La volonté d'en finir avec le dossier Aveos a aidé Air Canada à surmonter ses réticences de longue date à l'égard de la C Series de Bombardier. Mais comme le transporteur a obtenu un très bon prix pour des appareils encensés par les spécialistes, personne ne lui en voudra de ne pas avoir choisi des Embraer ou des Boeing. En prime, Air Canada a gagné quelques points dans l'opinion publique.

UN MILLIER D'EMPLOIS ?

De son côté, le gouvernement Couillard tenait à donner un autre coup de pouce à la C Series, qu'il voit comme l'avenir de l'industrie aéronautique québécoise. La ministre de l'Économie, Dominique Anglade, soutient qu'un « centre d'excellence mondial » de maintenance d'avions C Series pourrait employer au moins 1000 personnes à terme, à condition toutefois que d'autres compagnies aériennes fassent appel à lui en plus d'Air Canada.
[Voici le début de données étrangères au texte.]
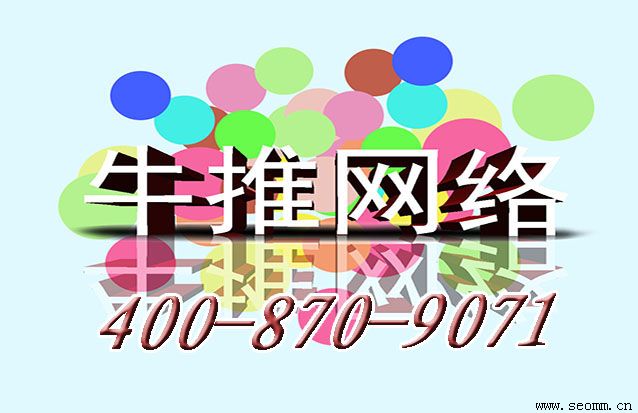 ��վ�Ż���˾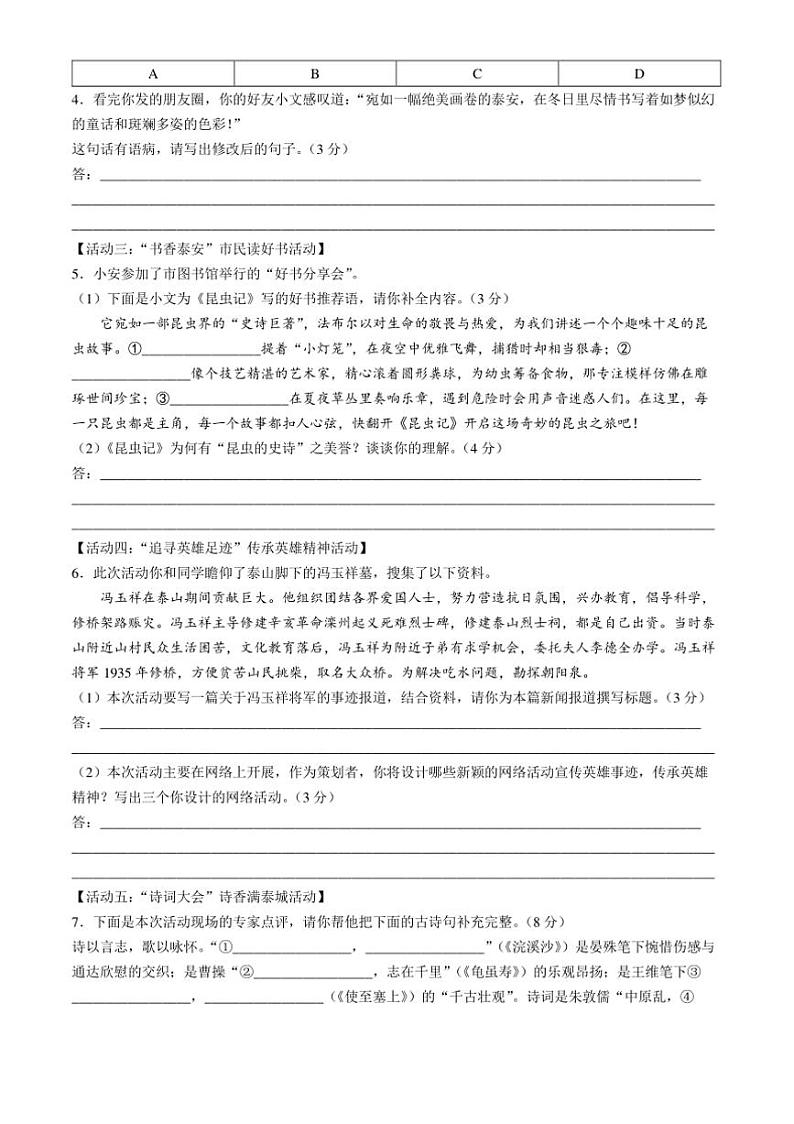 2024～2025学年山东省泰安市九年级上期末语文试卷(含答案)第2页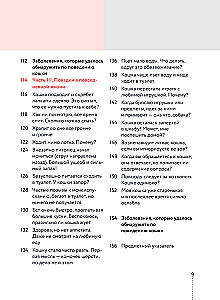 Kassike, kas sul on kõik korda? koomiksite giid kasside kummalistele ja kavalatele sürakatele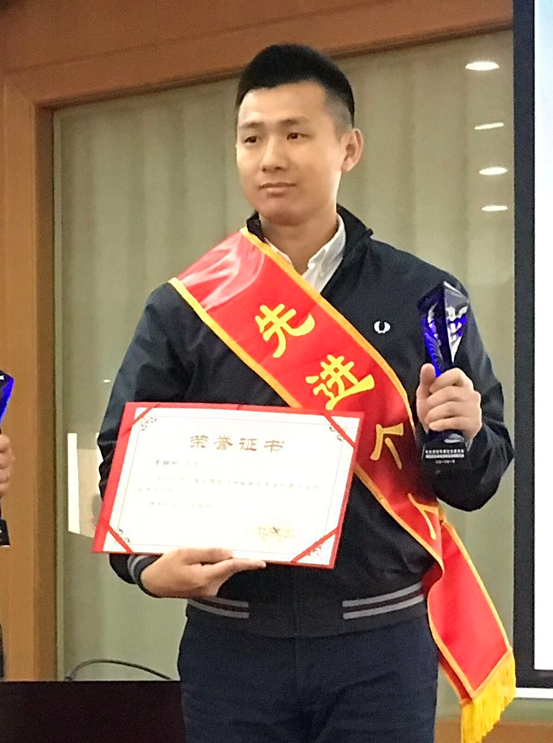 “守護(hù)者計(jì)劃”獲“先進(jìn)集體” 騰訊:反電信網(wǎng)絡(luò)詐騙是企業(yè)社會責(zé)任的一部分 “守護(hù)者計(jì)劃”獲“先進(jìn)集體” 騰訊:反電信網(wǎng)絡(luò)詐騙是企業(yè)社會責(zé)任的一部分
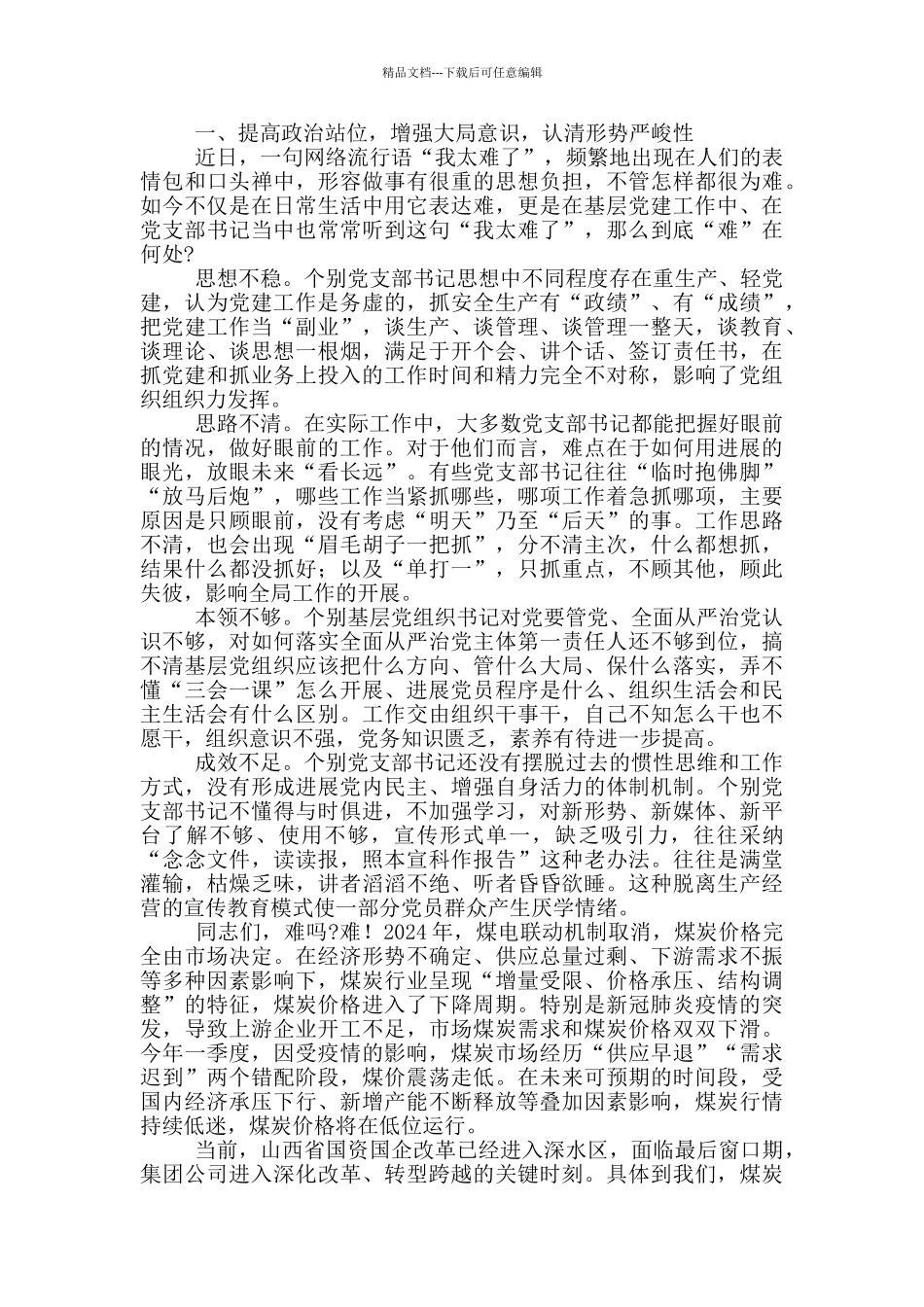 在公司党支部书记培训班开班时的讲话_第2页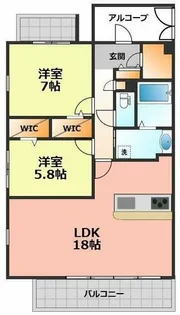 Gran Monsilva【5階】の間取り
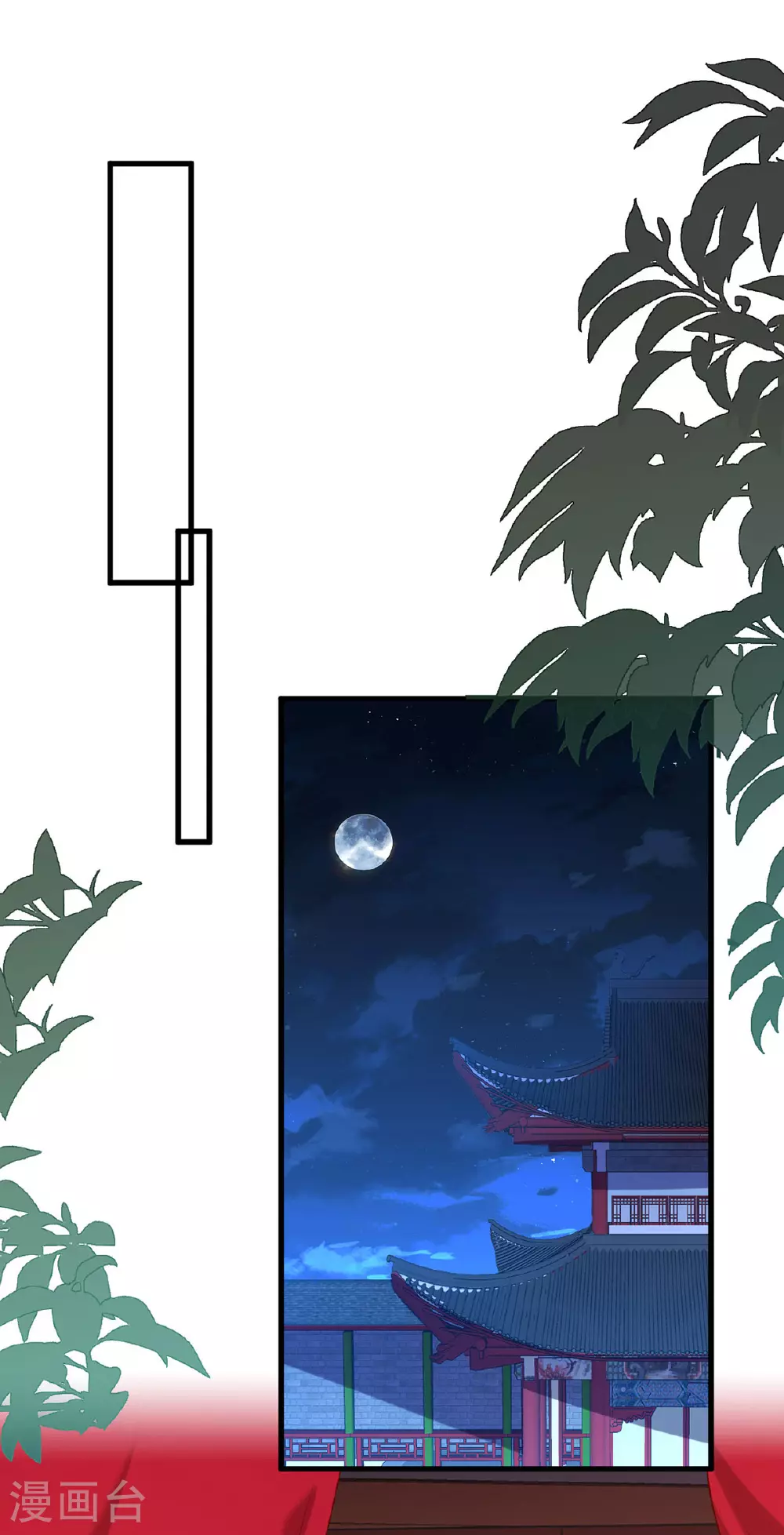 第352话 借招拆招 第19页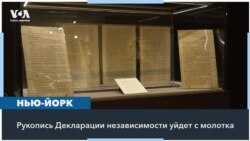 Американские ценности 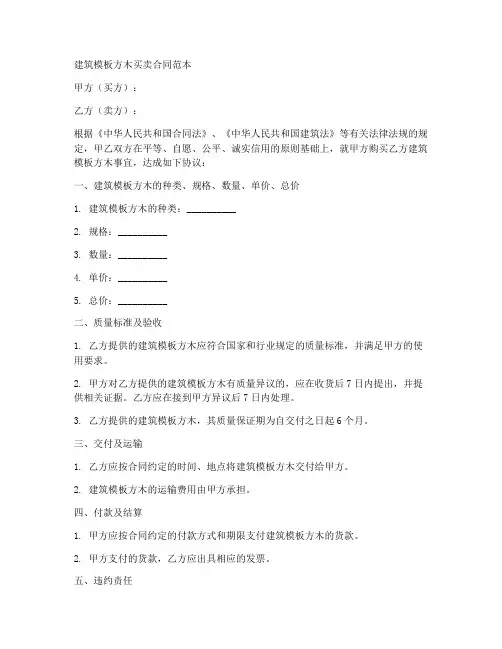建筑模板方木买卖合同范本
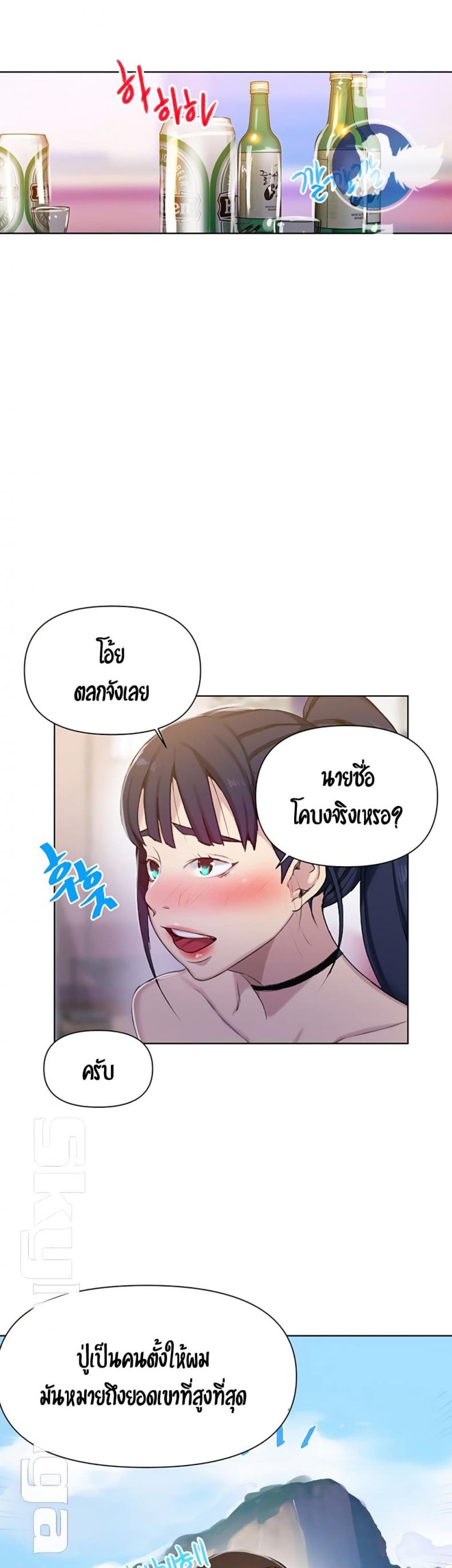 page-18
Selon Mme Anglade, même si Québec avait gagné en Cour suprême, il est loin d'être certain qu'Air Canada aurait rapatrié ici l'entretien lourd de ses avions, qui est principalement effectué au Minnesota depuis 2012.

Et que dire des 1700 ex-salariés d'Aveos ? « La grande majorité d'entre eux, si ce n'est pas la totalité, se sont replacés », a insisté la ministre. David Chartrand, de l'Association internationale des machinistes et des travailleurs de l'aérospatiale, n'en est pas si sûr. Environ 200 ex-employés ont été embauchés par les firmes Lockheed Martin et AJW, qui ont repris une partie des activités d'Aveos. Quelques dizaines d'autres sont allés chez Premier Aviation, Avianor ou Bombardier, alors que certains ont opté pour une retraite anticipée. « Mais ce n'est pas vrai que tout le monde s'est retrouvé du boulot », dit M. Chartrand.

Le premier ministre manitobain, Greg Selinger, a indiqué hier que son gouvernement négociait actuellement avec Air Canada dans le but de récupérer en tout ou en partie les quelque 400 emplois d'Aveos perdus à Winnipeg en 2012. « Si on réussit à s'entendre sur un nombre raisonnable d'emplois », la province pourrait elle aussi envisager d'abandonner sa poursuite contre Air Canada, a affirmé M. Selinger à La Presse Affaires.

Dans le milieu de l'aéronautique, on voit mal comment le jugement d'un tribunal aurait pu faire renaître l'entretien lourd d'aéronefs au Québec. « Ç'aurait été comme de l'acharnement thérapeutique de tenter de relancer des activités dans lesquelles nous n'étions plus concurrentiels », a estimé Mme Benoît. 

Isabelle Dostaler, professeure à l'Université Concordia, a quant à elle souligné que l'engagement d'Air Canada allait permettre au Québec d'acquérir un savoir-faire de pointe dans la maintenance d'avions faits de matériaux composites.